| Task to complete |
As the output, give exactly the lines that run from the one with "Tricon Opslag containers" through the end of the records below, and omit pictures.

(Stored items from a collection)

=== Begin Enclosure ===

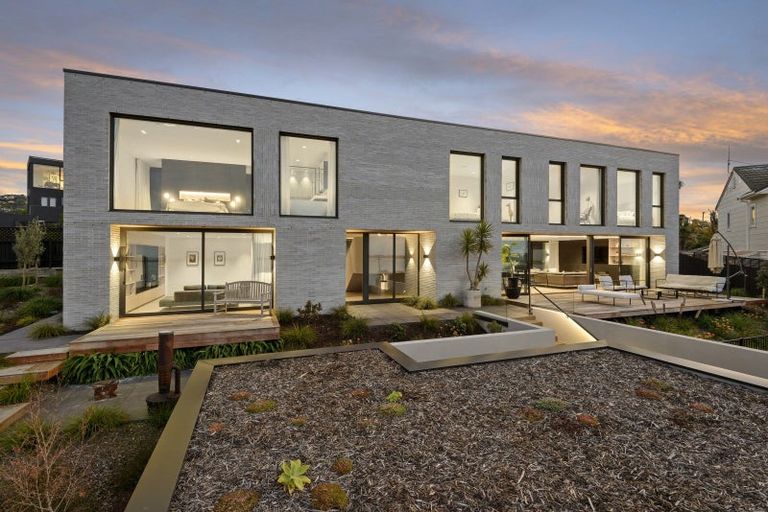 Photo of property in 32 Mount Pleasant Road, Mount Pleasant, Christchurch, 8081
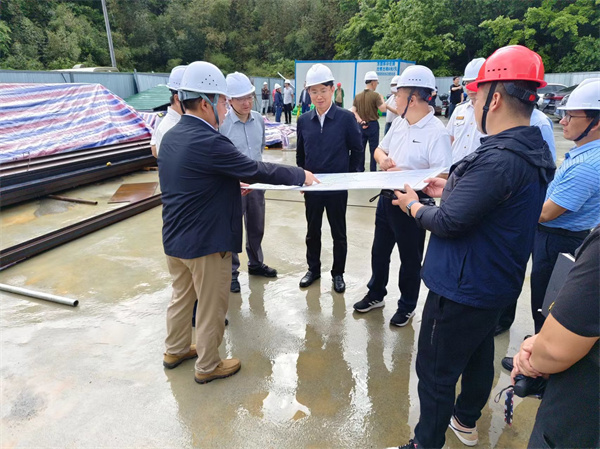 4月28日，市委常务、常务副市长任生调研新安江防洪项目建设情况，黄山米兰网_米兰（中国）集团副总经理张高峰陪同调研。.jpg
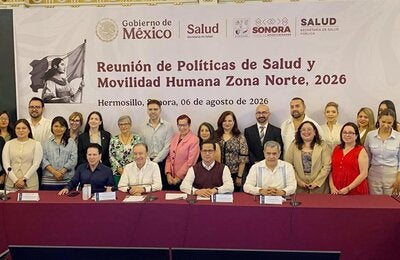 Foto grupal de reunión en Sonora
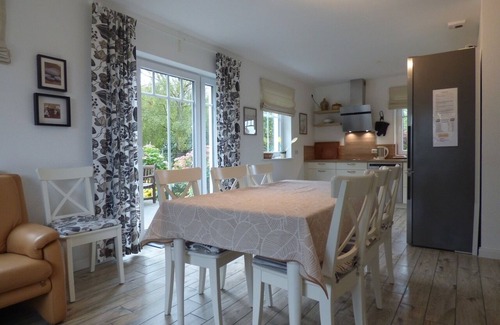 Loose House | Großzügiges Schwedendoppelhaus Ideal für Familientreffen, im EG Barrierefrei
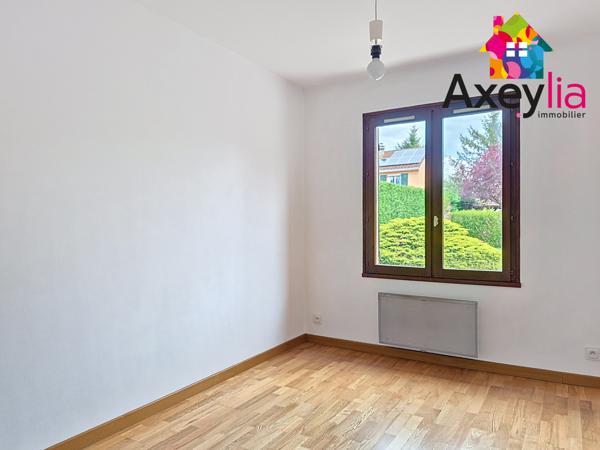 Charlieu (42190) À VENDRE - 3MN DE CHARLIEU - MAISON PLAIN-PIED AVEC TERRAIN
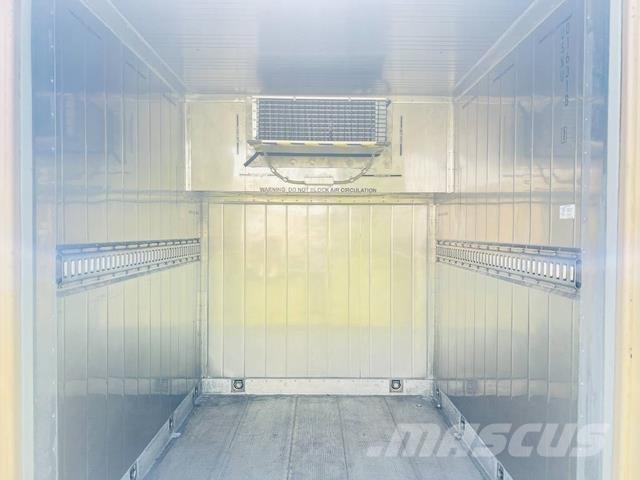  Tricon Opslag containers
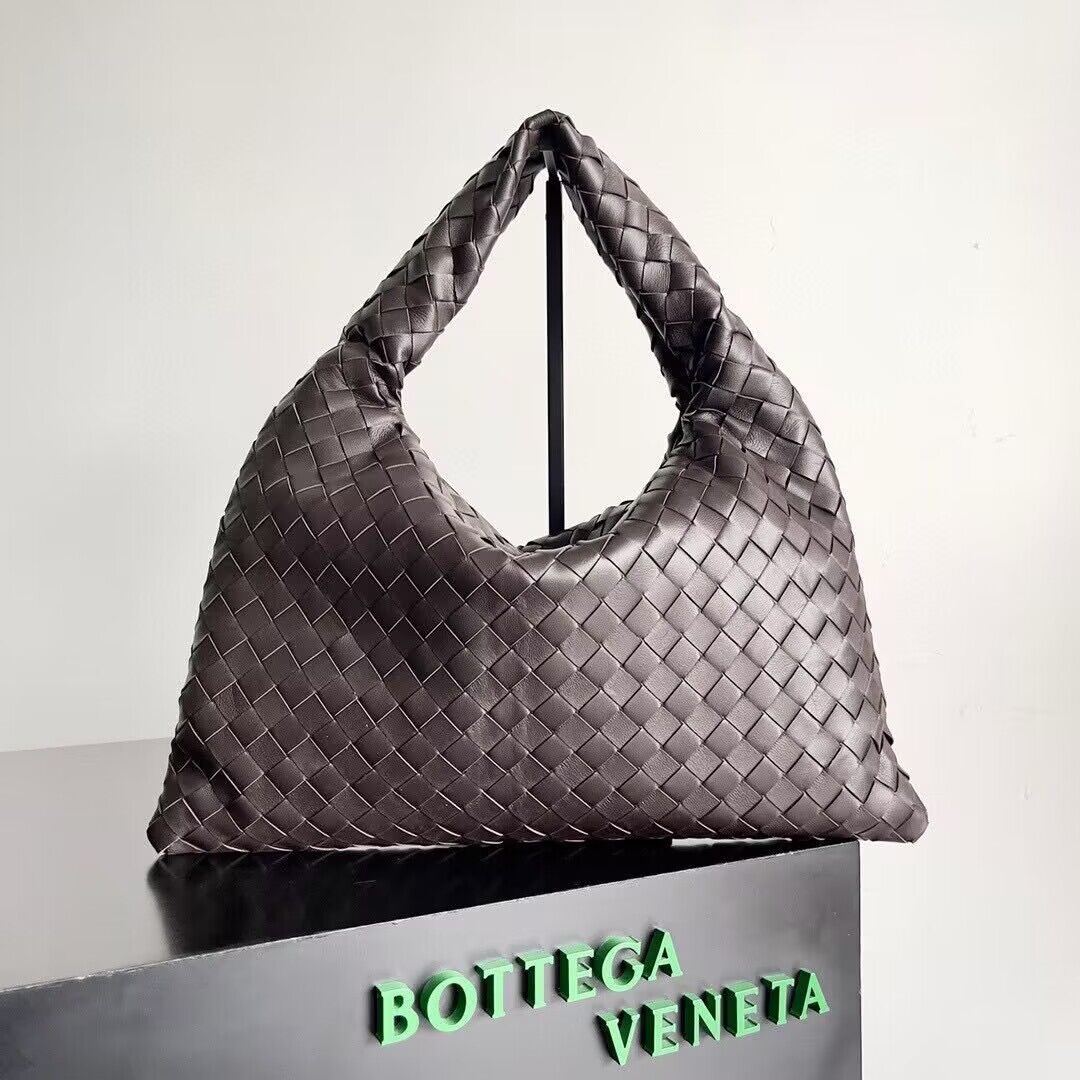 Bottega Veneta Midum Hop Bag 763966 Fondant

=== End Enclosure ===

| Expected answer |
  Tricon Opslag containers
 Bottega Veneta Midum Hop Bag 763966 Fondant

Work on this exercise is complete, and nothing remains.